问题
One of the sql logic is moving to backend and I need to generate a report using shell scripting. For understanding, I'm making it simple as follows.
My input file - sales.txt (id, price, month)
101,50,2019-10
101,80,2020-08
101,80,2020-10
201,100,2020-09
201,350,2020-10
The output should be for 6 months window for each id e.g t1=2020-07 and t2=2020-12
101,50,2020-07
101,80,2020-08
101,80,2020-09
101,80,2020-10
101,80,2020-11
101,80,2020-12
201,100,2020-09
201,350,2020-10
201,350,2020-11
201,350,2020-12
For id 101
, though there is no entry for 2020-07, it should take from the immediate previous month value that is available in the sales file.
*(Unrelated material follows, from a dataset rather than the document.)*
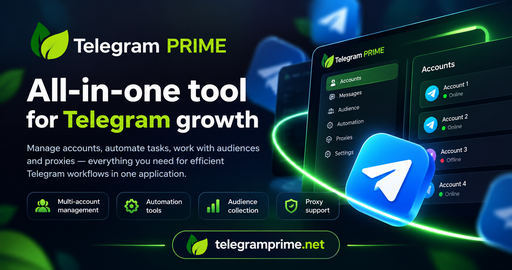 Telegram PRIME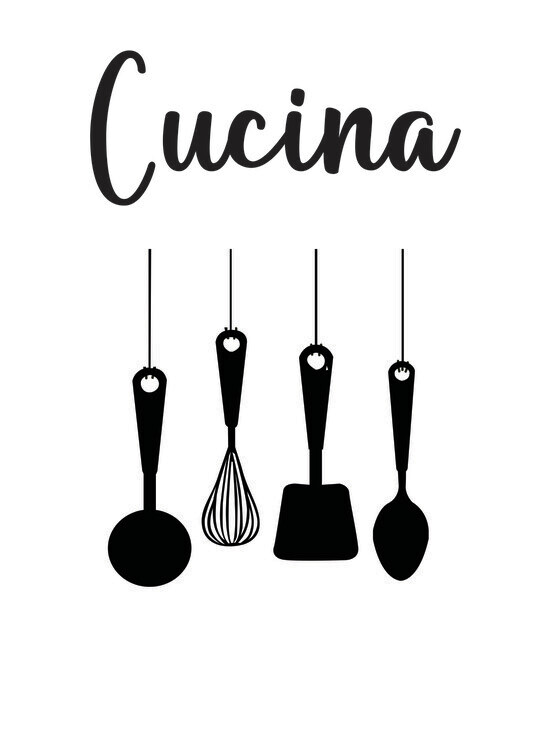 Poster Cucina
So the price=50 from 2019-10 is used for 2020-07.
For 201
, the first entry itself is from 2020-09, so 2020-08 and 2020-07 are not applicable.
Wherever there are gaps the immediate previous month value should be propagated.
I'm trying to use awk to solve this problem, I'm creating a reusable script util.awk like below to generate the missing values, pipe it to sort command and then again use the util.awk for final output.
util.awk
function get_month(a,b,t1) { return strftime("%Y%m",mktime(a " " b t1)) }
BEGIN { ss=" 0 0 0 "; ts1=" 1 " ss; ts2=" 35 " ss ; OFS="," ; x=1 }
{
tsc=get_month($3,$4,ts1);
if ( NR>1 && $1==idp )
{
if( tsc == tsp) { print $1,$2,get_month($3,$4,ts1); x=0 }
else { for(i=tsp; i < tsc; i=get_month(j1,j2,i) )
{
j1=substr(i,1,4); j2=substr(i,5,2);
print $1,tpr,i;
}
}
}
tsp=get_month($3,$4,ts2);
idp=$1;
tpr=$2;
if(x!=0) print $1,$2,tsc
x=1;
}
But it is running infinitely awk -F"[,-]" -f utils.awk sales.txt
Though I tried in awk, I welcome other answers as well that would work in bash environment.
回答1:
General plan:
- assumption:
sales.txt
is already sorted (numerically) by the first column - user provides the min->max date range to be displayed (
awk
variablesmindt
andmaxdt
) - for a distinct
id
value we'll load all prices and dates into an array (prices[]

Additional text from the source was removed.